Taking the entries below, transcribe only the lines starting with the one with "lily-of-the-valley-plants-poisonous-to-dogs" and going on through the one with "Image for Safety of Existing Dams", exactly as written, without the pictures.

SOURCE RECORDS:
══════

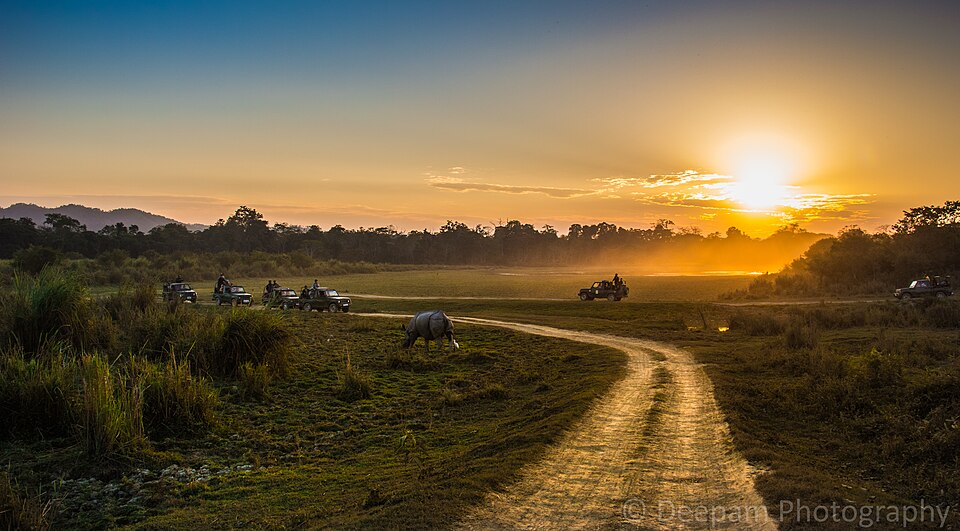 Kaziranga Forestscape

══════

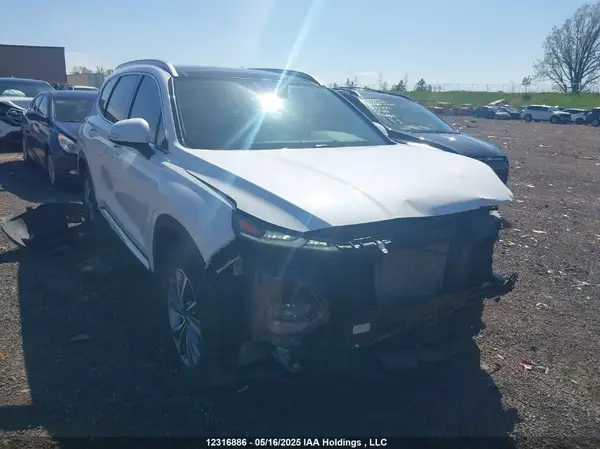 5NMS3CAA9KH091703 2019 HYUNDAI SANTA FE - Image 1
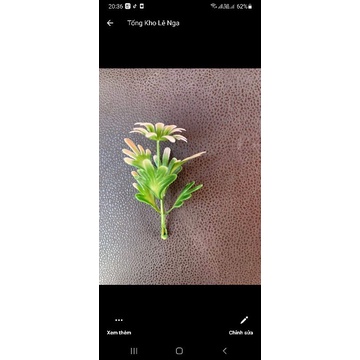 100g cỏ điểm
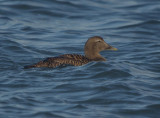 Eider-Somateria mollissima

══════

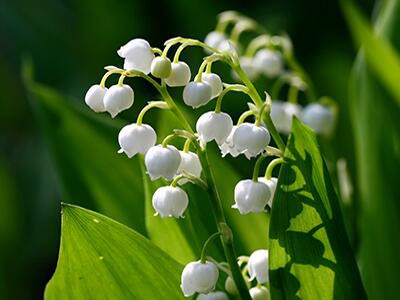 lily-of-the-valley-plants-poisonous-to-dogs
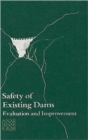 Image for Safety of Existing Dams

══════

ANSWER AREA:
 lily-of-the-valley-plants-poisonous-to-dogs
 Image for Safety of Existing Dams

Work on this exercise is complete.